Due to the unique nature of the coronavirus and its rapid spread, our isolation will likely go on for some time. The one glaring advantage of being required to stay home is the corresponding expansion of your personal time. You may be working from home, for instance, which means you no longer have that nasty commute. When I worked, my daily drivetime was 2-3 hours (10-15 hours a week) – the equivalent of an extra workweek every month for 30 years!

Try this:

  • Write down the many positives your new COVID-lifestyle provides you. You may be surprised by how many you come up with.
  • Make a list of the things you always wanted to do but felt to didn’t have time for.
  • Create a “Thrive Schedule” that includes a few of your new action items. All it takes is a week before the new activities become habits.
  • Set goals and targets dates, if you wish, to help you make the most progress.

Welcome to your new lifestyle!

More about your daily Thrive Schedule

Of course, your “Thrive Schedule” is just another way to say To-Do List; however, when you have this much free time to focus on yourself, you can’t help but THRIVE.

I break up my day by reaching out to family and friends. I also exercise by running up the hillside street in my neighborhood. I stop drinking coffee earlier than before and make sure I get plenty of sleep, and finally, I’m attacking the project I can only accomplish at home. I have a massive historical photo collection in many boxes. Unfortunately, the images are sandwiched between all kinds of other stuff. My boxes are my nemesis. They mock me, whispering insults late at night. My goal is to go through my boxes and silence the monster in my closet, insisting the only way to resolve “my storage problem” is to burn the house down.

Do you have something to go through as well?

If you want to get into the muck of what most people avoid like the plague (no pun intended), now is the perfect time to prepare your will, reset your retirement goals, or make plans to pursue your dream career. You can even plan a vacation. You can’t travel overseas right now, but you can research places you would like to visit, make a budget, and create an itinerary of exciting things to see and do. Okay, I’ll say it, now is the perfect time to make your Bucket List.

The New Normal

The so-called new normal is temporary.
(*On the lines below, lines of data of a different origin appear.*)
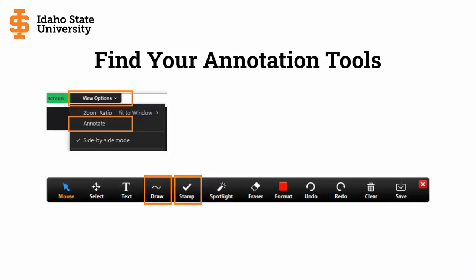During this presentation, I am going to ask you to participate using the Zoom chat or the annotation tools. In Zoom, when you're viewing a shared screen you can select view options and then choose Annotate. You can insert lines, arrows, and shapes using the draw tool, and insert predefined icons such as checkmarks, stars, and hearts using the stamp tool.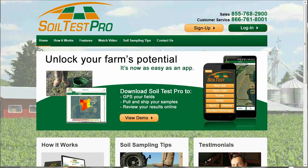Hello, and thank you for your interest in SoilTest Pro. This tutorial is going to walk you through setting up an account with SoilTest Pro. Once you have located us on the web at SoilTestPro.com, check out our homepage which is full of information.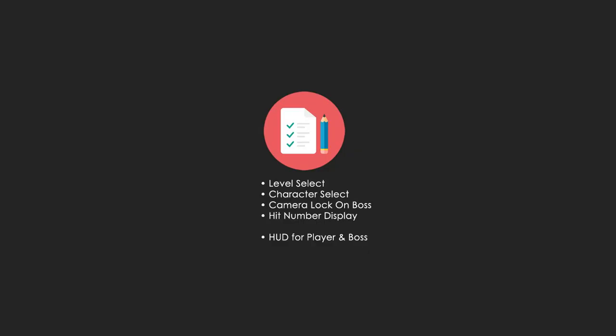So, some of the global things in this series is we're going to do a level select, a character select, and the ability to toggle the camera on and off. So it locks onto the boss and so on. We'll have a hit counter display and HUDs.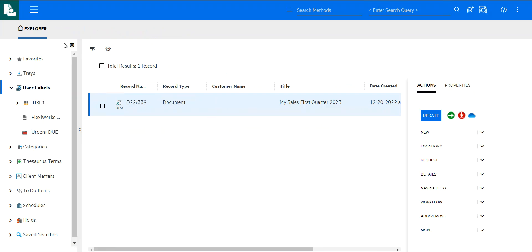And that ends our collaboration demo using the CM Microsoft 365 integration and the modern web interface. Hope you enjoyed it.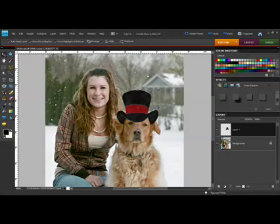If you enjoyed playing with paper dolls when you were young, this technique is sure to bring back a few happy memories this holiday season.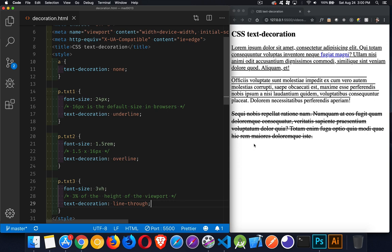And that's it. That is the text decoration property. Hope that helps you out. If you have any questions, feel free to leave those in the comments down below. In the description, I've got a link to this sample page, so you can play around with that. And as always, thanks for watching.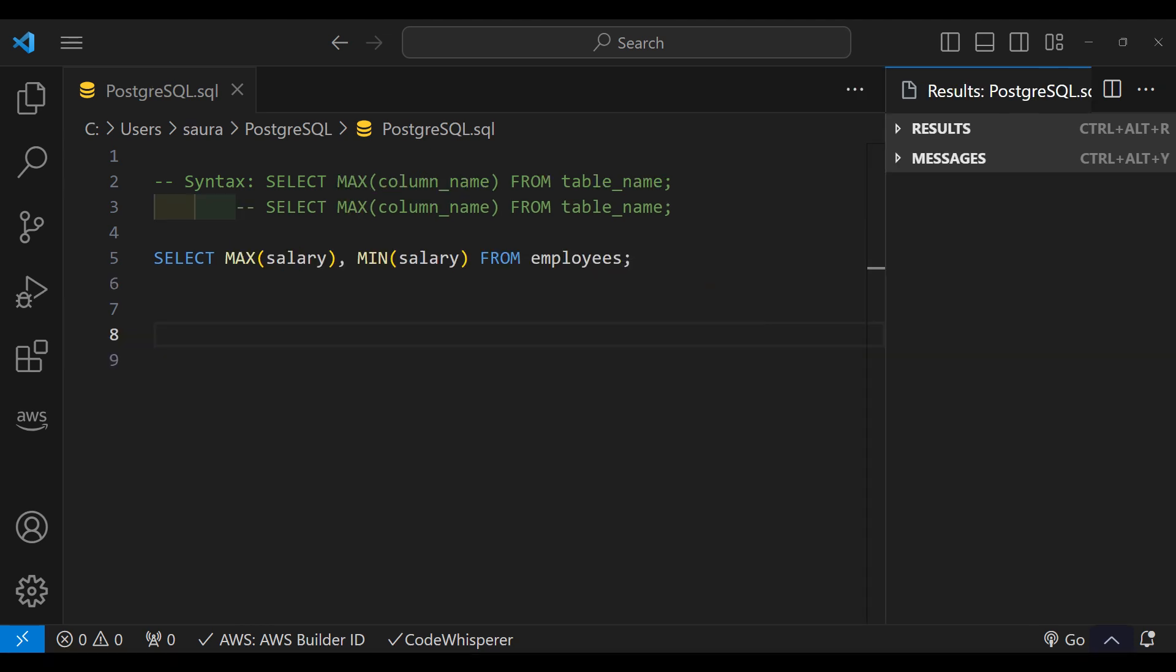Now, look at the MAX and MIN functions, which are aggregate functions and straightforward. MAX returns the highest value in a column, while MIN returns the lowest value.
Things will get back to the old normal relatively soon. The stock market will settle down and eventually rebound. Loved ones will “suck face” again, instead of blowing kisses. Family and close friends will embrace. People will meet with a friendly handshake. Sports teams will play in front of their fans. Concerts will sell out. Churches will fill up with people of faith.
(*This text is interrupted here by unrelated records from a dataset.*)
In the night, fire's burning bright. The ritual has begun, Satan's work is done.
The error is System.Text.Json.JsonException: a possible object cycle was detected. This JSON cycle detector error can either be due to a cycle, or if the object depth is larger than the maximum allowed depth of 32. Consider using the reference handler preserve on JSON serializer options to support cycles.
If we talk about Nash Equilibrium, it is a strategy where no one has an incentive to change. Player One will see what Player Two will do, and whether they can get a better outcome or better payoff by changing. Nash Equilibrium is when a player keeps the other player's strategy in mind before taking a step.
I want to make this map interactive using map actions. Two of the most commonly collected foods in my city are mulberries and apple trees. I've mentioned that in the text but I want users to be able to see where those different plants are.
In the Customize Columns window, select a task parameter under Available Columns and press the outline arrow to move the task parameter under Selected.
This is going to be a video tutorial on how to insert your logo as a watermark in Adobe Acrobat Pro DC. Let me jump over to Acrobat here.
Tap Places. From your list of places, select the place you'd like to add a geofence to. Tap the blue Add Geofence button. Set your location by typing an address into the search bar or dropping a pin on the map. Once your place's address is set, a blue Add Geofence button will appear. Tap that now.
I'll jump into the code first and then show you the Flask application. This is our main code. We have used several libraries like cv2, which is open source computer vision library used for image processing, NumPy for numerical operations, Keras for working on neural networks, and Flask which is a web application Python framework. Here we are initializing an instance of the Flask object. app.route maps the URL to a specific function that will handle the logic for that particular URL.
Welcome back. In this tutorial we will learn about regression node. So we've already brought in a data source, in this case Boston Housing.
Here is one last thought – until we meet again here next week – frequently take a look outside at nature. Spring has arrived. Nature is awesome. Birds. Trees. Sun. Breeze. Take a short walk. Get a little bit of it on you. Take a deep breath and let your shoulders fall.

 


Author Rick Thomas is the former museum curator and vice-chair of education for the South Pasadena Preservation Foundation. He served on the South Pasadena Natural Resources Commission, helping to maintain a strict policy protecting the city’s great old-growth trees. Using touchstone photographs from his own collection—one of the San Gabriel Valley’s largest accumulations of historical images and artifacts—as well as national, state, and local historical archives, Thomas provides a window to his city’s past and an understanding of why its preservation is so important.

1 COMMENT

  1. Bravo, Rick!
    While I miss “ Wanna have lunch?,” I’m tossing old photos that no one wants and which I haven’t looked at it in at least ten years. It’s difficult getting rid of those pics of me in a string bikini on various Greek islands with Enzo in the wild and crazy 70s, but that was then and this is now.
    Thanks for all the great ideas for getting through these surreal times.